At the very least the Bible, like a cramped car, can be a place of meeting.

…and sometimes it can be a unique place of meeting

Nelson and I began talking about this week’s worship a bit later than we might normally.  Tuesday night we had both been involved in a Worship Committee meeting trying to work out whether or not we would go back to holding services on Zoom.

On Wednesday, I was able to hear some of Nelson’s wonderful insights about the text and his delight in reading them.…the same delight he shared this morning.

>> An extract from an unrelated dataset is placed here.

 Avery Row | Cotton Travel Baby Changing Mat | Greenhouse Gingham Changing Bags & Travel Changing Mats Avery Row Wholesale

I told him some of the ways I was seeing the text–  my sympathy for the wisemen who were seeking mystery and somehow got embroiled in local political intrigue.

Nelson mentioned a poem he knew about the Journey of the Magi and how journeys are sometimes unexpected. 

It was  a good conversation….  between two people who don’t really know each other well.  Who have very different backgrounds and likely different ways of thinking about the world and approaching it. I don’t actually know many other places in our world where people meet across generational divides and have such important conversations (and especially not as equals).

I believe that reflections on  Scripture  can be a place where we meet…. 

….and even better it can be a place of rich conversations about what is important.  

But I still believe that it can be much more than that…I still believe it is filled with mystery and epiphany, revelation and insight. 

Anyway…

I did finally see the great conjunction, the Star of Bethlehem last year. My best friend from childhood was in the hospital with covid.  It was touch and go whether she would have to go on a ventilator.  I woke up deeply troubled at 3 am and decided to take a walk and pray. It was bitterly cold. The kind of cold where the snow looks like it might be filled with thousands of fragmentary diamonds and the air is stark …and as I turned the corner there it was before me–  Jupiter and Saturn…clear in the frigid night air. I hadn’t been looking for them and they weren’t at their ascendence–Jupiter and Saturn had begun to move away from each other like the Holy Family and the Magi fleeing in separate directions…

and yet the sight  left me feeling overwhelmingly comforted– A star, a star shining in the night. A sign.

Honestly, sometimes going to church seems like that totally mismanaged  family car trip–a regrettable waste of time. Yet, I can’t help but think that going to church– like that family car trip–might just prepare us to be blindsided now and again by mystery…overwhelmed with comfort and joy.

So, this is my prayer for us… 

That somehow our piecemeal time together here on Zoom makes us a bit more able to see goodness and truth and Spirit of God at work in our world and our lives this week.